Even before this legislation, there was always a cosy relationship between the security state and the prosecution service, where if there was no doubt that a crime had been committed, the prosecution service could (and invariably did) decide there was no public interest in that particular prosecution.

Around the same time as the domestic covert intelligence legislation came the government’s attempt to make it effectively impossible to prosecute former service personnel for war crimes, including against civilians. This was too much even for British parliamentarians, and so the exception for war crimes was removed.

All these authorisations and exemptions come in the context of a British political-media culture that makes it extraordinarily difficult to hold the state accountable for the deaths of others, even without such legalistic privileges. The government hardly needs formal protections at all.

Until the conviction of a police officer for the manslaughter of former Aston Villa footballer Dalian Atkinson—and it was telling that it was only when the victim was a celebrity that a conviction was obtained—there had not been a successful prosecution of an officer over any death in custody or after police contact for more than 35 years. Nobody responsible for the deaths at Hillsborough was convicted of an offence. The police officers responsible for the unlawful killings of blameless Brazilian Jean Charles de Menezes (shot on the London Underground in an anti-terror operation in 2005) and newspaper vendor Ian Tomlinson (struck before collapsing at protests around the G20 in 2009) both walked free. And for all the documented war crimes by our forces in Afghanistan and Iraq, there has only been one conviction: and that was of a corporal, and not of any commanding officer.

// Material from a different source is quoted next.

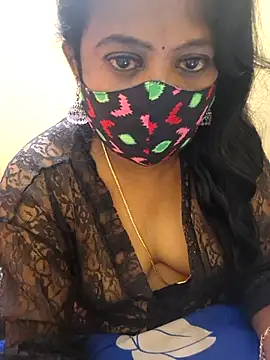 kanikasree's cam snapshot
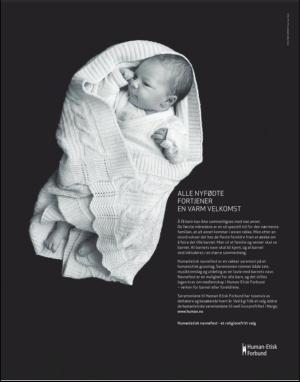 dagbladet_magasinet-20090620_000_00_00_011.pdf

Investigations and prosecutions are more often relayed to the public through a particular media narrative. State agents are “dragged through the courts” and “hounded” in “witch hunts.” The lawyers who pursue these cases are “ambulance chasers.” The police should be “free from worry” about the prospect of prosecution. The tabloids invariably present the officials and soldiers as the real victims, rather than the persons killed or tortured. With this style of reporting in a state of this sort, it is a wonder prosecutions ever happen at all.

This is the grim background to the latest proposal for effective state immunity. The home secretary, Priti Patel, wants Border Force agents to have legal protection in their dealings with refugees crossing the English Channel. There is to be no legal liability for these officials when their fatal decisions are “reasonably” taken in “good faith.” In other words they will be legally safe, despite the deaths they cause, when they are “only doing their jobs.”

Ministers do not believe the practical immunity afforded by our political-media culture is enough. The nods and winks to the prosecution service do not provide sufficient cover. Ministers want there to be a formalisation of official protection. Not only must injustice be done, but injustice must be seen to be done, with full legal protection.

If the legislative trend continues, any agent of the state who makes life or death decisions will not face legal liability. There are always calls for police to be safe from prosecution when they kill people. And one day we will end up in a situation where, even if the state becomes reckless about the lives of its citizens, there will be no legal incentive for it to behave otherwise. The UK state may not want its officials and operatives to kill people, but soon there may be no legal consequences if they do.